Resquícios

Parte 2

Dois dias depois, ao chegar à casa dos pais de Daya, foi atendida por dona Regina.

— Olá, detetive, por favor entre.

Assim que entraram Mayra sentou em uma poltrona que lhe foi indicada.

— Acho que sei o porquê de sua visita, meu filho aprontou de novo, não é? Vi alguma coisa no jornal, não disseram nomes mas, pela forma deduzi que fosse ele assim que telefonou informando que viria.

— É sobre isso sim, dona Regina. Infelizmente, parece que ele não aprendeu ainda como ser um homem de fato, só que desta vez não foi com uma garota que a família não tem meios pra brigar pela punição dele, e que sabe que o dinheiro não elimina a dor e sequelas causadas na adolescente. É uma marca que fica para sempre.

— Nem consigo imaginar a dor dessas crianças e suas famílias. Eduardo tinha tudo para ter uma excelente família, com uma mulher e filha maravilhosas e jogou tudo no lixo, sem nenhum pudor ou empatia. Mas, por que quis vir conversar comigo? Nem temos mais contato com ele!

— Pra dizer a verdade, andei conversando com sua filha Daya e, bem…

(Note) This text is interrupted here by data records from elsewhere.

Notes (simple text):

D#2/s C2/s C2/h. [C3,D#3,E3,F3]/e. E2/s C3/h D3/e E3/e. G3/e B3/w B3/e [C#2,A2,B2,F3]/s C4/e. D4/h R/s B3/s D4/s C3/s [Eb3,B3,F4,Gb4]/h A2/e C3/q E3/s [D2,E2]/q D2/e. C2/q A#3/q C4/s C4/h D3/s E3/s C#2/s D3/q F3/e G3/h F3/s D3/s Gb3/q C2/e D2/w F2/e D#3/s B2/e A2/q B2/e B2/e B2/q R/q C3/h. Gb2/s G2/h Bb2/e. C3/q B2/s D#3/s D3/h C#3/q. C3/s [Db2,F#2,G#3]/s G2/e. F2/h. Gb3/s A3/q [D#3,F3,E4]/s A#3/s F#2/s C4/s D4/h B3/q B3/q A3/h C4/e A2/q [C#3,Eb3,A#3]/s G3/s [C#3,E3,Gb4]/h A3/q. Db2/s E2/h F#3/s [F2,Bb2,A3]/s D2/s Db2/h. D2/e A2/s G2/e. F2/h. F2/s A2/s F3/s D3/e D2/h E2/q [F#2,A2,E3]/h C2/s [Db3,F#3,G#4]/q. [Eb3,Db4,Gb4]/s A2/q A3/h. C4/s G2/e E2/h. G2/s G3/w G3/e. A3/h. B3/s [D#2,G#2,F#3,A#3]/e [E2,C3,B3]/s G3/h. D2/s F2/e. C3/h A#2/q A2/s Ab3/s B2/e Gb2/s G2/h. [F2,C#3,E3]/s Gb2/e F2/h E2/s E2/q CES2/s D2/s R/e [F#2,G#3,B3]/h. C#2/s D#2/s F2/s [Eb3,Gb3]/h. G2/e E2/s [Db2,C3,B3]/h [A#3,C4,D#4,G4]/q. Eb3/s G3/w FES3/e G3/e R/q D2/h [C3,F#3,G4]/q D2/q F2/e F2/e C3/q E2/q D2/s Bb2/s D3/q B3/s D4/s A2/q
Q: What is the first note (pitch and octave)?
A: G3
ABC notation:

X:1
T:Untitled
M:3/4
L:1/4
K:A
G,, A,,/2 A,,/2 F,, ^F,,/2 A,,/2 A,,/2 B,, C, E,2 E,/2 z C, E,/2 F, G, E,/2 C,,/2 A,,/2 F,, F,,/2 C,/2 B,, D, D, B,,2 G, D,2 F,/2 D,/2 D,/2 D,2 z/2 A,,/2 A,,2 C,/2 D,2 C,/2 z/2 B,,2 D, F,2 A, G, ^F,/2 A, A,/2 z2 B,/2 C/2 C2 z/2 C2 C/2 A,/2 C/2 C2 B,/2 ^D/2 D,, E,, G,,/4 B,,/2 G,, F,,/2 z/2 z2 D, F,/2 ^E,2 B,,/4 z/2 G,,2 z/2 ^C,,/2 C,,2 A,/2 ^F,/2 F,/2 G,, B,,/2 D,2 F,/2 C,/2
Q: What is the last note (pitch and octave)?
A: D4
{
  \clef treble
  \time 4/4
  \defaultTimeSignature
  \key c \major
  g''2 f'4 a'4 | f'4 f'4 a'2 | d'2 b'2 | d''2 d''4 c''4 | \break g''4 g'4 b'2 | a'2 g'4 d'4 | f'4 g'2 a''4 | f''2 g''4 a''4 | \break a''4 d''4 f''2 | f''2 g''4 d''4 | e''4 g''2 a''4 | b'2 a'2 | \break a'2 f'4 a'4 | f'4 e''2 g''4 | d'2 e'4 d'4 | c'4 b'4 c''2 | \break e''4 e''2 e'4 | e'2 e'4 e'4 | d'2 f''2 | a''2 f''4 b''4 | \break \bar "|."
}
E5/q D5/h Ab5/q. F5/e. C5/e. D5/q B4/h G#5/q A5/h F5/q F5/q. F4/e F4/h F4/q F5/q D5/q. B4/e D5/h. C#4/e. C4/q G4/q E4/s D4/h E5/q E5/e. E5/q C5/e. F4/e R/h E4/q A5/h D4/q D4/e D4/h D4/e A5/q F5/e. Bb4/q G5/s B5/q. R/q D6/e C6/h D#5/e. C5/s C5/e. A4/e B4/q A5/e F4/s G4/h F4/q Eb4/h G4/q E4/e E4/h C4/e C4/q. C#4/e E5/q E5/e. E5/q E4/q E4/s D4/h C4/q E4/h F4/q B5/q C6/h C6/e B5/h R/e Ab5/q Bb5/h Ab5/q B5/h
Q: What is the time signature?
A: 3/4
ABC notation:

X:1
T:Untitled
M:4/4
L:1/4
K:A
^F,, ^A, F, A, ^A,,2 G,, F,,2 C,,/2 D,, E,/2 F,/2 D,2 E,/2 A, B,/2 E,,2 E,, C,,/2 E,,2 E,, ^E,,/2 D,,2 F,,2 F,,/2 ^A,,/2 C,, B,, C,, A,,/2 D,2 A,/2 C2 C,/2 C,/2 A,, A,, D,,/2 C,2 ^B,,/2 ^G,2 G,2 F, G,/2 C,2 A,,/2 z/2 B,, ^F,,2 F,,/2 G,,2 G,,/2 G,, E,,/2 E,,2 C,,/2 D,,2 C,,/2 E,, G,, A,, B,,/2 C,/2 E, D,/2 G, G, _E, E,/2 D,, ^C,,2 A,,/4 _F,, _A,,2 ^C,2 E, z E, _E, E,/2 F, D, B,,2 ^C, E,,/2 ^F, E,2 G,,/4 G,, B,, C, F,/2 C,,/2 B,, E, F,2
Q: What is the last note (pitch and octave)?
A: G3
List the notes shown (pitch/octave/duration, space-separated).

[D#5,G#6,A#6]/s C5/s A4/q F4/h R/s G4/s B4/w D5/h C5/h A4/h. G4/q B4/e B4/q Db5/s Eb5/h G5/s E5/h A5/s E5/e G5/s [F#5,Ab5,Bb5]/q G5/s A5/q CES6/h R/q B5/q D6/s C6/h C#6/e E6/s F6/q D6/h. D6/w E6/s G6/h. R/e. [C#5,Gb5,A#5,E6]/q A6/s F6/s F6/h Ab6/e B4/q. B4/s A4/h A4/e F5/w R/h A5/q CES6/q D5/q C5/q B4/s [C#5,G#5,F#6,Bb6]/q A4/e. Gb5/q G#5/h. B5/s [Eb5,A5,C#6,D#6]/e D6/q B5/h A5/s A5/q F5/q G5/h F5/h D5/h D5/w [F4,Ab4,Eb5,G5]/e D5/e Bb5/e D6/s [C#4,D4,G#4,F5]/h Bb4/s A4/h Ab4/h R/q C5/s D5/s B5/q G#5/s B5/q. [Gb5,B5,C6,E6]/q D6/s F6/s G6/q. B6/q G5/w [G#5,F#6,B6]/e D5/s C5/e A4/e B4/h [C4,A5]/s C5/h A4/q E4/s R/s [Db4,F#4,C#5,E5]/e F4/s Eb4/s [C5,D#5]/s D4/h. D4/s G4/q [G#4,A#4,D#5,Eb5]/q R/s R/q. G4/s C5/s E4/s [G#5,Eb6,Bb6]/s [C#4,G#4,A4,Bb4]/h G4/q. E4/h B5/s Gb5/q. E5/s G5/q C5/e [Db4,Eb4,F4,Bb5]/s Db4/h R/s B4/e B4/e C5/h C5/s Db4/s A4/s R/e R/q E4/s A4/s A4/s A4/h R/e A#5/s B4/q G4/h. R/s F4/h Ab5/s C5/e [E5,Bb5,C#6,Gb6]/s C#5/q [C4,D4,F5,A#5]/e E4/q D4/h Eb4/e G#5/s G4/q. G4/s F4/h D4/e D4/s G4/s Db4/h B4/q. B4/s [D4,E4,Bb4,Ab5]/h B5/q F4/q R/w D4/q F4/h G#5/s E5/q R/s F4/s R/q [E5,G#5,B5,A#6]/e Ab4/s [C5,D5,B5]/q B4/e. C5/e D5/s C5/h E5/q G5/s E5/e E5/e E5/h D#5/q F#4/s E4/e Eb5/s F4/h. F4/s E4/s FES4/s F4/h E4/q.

— Descobriu o quanto ela ama a ex-cunhada?

— Ah, a senhora sabia!?

— Qualquer pessoa que esteja perto das duas e observe um pouquinho percebe, mas, antes de Eduardo conhecer Maria Alice, eu já ouvia muito sobre ela. O quão bonita, inteligente, bem-humorada, capaz, etc. Cada dia que se encontravam ela era assunto para uns dois dias de elogios.

— Fiquei preocupada com Daya. Um amor imenso que a faz sofrer imensamente, mas não vai fazer nada a respeito, como ela diz, pelos resquícios que o irmão deixou.

— E também sofro por ela, mas ela tem que decidir se quer fazer algo pela própria felicidade, ou continuar a mendigar momentos. Se eu pudesse iria até Maria Alice e imploraria para amá-la em retribuição por um sentimento tão grande, mas…

Conversaram mais um pouco, principalmente sobre as sujeiras de Eduardo, antes de Mayra sair.

— Mãe, já está pensando em onde vamos passar as férias deste ano?

— Ainda não. Será que Daya se importaria em irmos para um lugar tranquilo, interior, ou hotel fazenda, para descansar mesmo?

— Mãe, qualquer coisa, viagem, lugar que queira, você sabe que tia Daya vai concordar e fazer. Por que você não sai de casa, a não ser para o trabalho, sem ela? Depois da separação ela está sempre à tua disposição pra tudo, será que ela sai com amigos, tem outra vida sem nós?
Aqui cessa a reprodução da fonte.